**Your objective**
Exact copies of all the entries below are expected in the answer.

**Data excerpts**

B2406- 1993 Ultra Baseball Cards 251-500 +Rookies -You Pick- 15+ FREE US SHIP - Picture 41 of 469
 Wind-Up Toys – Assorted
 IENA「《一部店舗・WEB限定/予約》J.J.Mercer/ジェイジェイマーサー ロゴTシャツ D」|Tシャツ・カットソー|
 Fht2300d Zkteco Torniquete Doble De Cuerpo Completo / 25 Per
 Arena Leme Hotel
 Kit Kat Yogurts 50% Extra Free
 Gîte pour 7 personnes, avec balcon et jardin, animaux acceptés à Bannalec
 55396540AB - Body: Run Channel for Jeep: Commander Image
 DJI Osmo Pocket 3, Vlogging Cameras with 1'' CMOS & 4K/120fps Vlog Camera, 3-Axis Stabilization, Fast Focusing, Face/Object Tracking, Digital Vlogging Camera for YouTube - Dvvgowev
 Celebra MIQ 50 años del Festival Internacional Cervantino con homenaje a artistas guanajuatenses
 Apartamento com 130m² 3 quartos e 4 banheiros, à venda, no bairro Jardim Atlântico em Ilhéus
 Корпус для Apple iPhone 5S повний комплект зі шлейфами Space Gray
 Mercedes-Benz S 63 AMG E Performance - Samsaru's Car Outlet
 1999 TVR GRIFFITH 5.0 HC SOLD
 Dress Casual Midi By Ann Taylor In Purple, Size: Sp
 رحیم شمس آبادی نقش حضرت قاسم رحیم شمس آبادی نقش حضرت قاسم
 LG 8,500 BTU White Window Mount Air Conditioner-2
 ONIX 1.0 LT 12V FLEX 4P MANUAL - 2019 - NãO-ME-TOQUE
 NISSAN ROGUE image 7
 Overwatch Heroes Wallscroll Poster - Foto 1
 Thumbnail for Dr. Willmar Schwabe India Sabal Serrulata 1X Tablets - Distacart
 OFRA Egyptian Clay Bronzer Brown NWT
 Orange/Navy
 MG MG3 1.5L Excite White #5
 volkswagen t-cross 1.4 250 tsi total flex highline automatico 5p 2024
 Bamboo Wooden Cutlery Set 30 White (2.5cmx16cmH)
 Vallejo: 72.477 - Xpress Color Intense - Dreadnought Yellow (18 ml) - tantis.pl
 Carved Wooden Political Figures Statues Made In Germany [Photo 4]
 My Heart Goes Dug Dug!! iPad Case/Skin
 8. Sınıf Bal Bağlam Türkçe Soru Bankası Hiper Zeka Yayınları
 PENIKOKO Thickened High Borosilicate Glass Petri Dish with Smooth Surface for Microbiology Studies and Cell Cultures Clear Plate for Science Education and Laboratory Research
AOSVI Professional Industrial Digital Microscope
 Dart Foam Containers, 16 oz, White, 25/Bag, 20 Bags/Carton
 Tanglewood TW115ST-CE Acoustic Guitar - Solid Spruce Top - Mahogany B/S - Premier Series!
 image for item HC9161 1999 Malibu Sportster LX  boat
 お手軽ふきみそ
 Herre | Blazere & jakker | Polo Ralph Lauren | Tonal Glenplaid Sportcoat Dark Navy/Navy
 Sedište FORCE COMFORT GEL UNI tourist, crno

**Result for this exercise**
B2406- 1993 Ultra Baseball Cards 251-500 +Rookies -You Pick- 15+ FREE US SHIP - Picture 41 of 469
 Wind-Up Toys – Assorted
 IENA「《一部店舗・WEB限定/予約》J.J.Mercer/ジェイジェイマーサー ロゴTシャツ D」|Tシャツ・カットソー|
 Fht2300d Zkteco Torniquete Doble De Cuerpo Completo / 25 Per
 Arena Leme Hotel
 Kit Kat Yogurts 50% Extra Free
 Gîte pour 7 personnes, avec balcon et jardin, animaux acceptés à Bannalec
 55396540AB - Body: Run Channel for Jeep: Commander Image
 DJI Osmo Pocket 3, Vlogging Cameras with 1'' CMOS & 4K/120fps Vlog Camera, 3-Axis Stabilization, Fast Focusing, Face/Object Tracking, Digital Vlogging Camera for YouTube - Dvvgowev
 Celebra MIQ 50 años del Festival Internacional Cervantino con homenaje a artistas guanajuatenses
 Apartamento com 130m² 3 quartos e 4 banheiros, à venda, no bairro Jardim Atlântico em Ilhéus
 Корпус для Apple iPhone 5S повний комплект зі шлейфами Space Gray
 Mercedes-Benz S 63 AMG E Performance - Samsaru's Car Outlet
 1999 TVR GRIFFITH 5.0 HC SOLD
 Dress Casual Midi By Ann Taylor In Purple, Size: Sp
 رحیم شمس آبادی نقش حضرت قاسم رحیم شمس آبادی نقش حضرت قاسم
 LG 8,500 BTU White Window Mount Air Conditioner-2
 ONIX 1.0 LT 12V FLEX 4P MANUAL - 2019 - NãO-ME-TOQUE
 NISSAN ROGUE image 7
 Overwatch Heroes Wallscroll Poster - Foto 1
 Thumbnail for Dr. Willmar Schwabe India Sabal Serrulata 1X Tablets - Distacart
 OFRA Egyptian Clay Bronzer Brown NWT
 Orange/Navy
 MG MG3 1.5L Excite White #5
 volkswagen t-cross 1.4 250 tsi total flex highline automatico 5p 2024
 Bamboo Wooden Cutlery Set 30 White (2.5cmx16cmH)
 Vallejo: 72.477 - Xpress Color Intense - Dreadnought Yellow (18 ml) - tantis.pl
 Carved Wooden Political Figures Statues Made In Germany [Photo 4]
 My Heart Goes Dug Dug!! iPad Case/Skin
 8. Sınıf Bal Bağlam Türkçe Soru Bankası Hiper Zeka Yayınları
 PENIKOKO Thickened High Borosilicate Glass Petri Dish with Smooth Surface for Microbiology Studies and Cell Cultures Clear Plate for Science Education and Laboratory Research
AOSVI Professional Industrial Digital Microscope
 Dart Foam Containers, 16 oz, White, 25/Bag, 20 Bags/Carton
 Tanglewood TW115ST-CE Acoustic Guitar - Solid Spruce Top - Mahogany B/S - Premier Series!
 image for item HC9161 1999 Malibu Sportster LX  boat
 お手軽ふきみそ
 Herre | Blazere & jakker | Polo Ralph Lauren | Tonal Glenplaid Sportcoat Dark Navy/Navy
 Sedište FORCE COMFORT GEL UNI tourist, crno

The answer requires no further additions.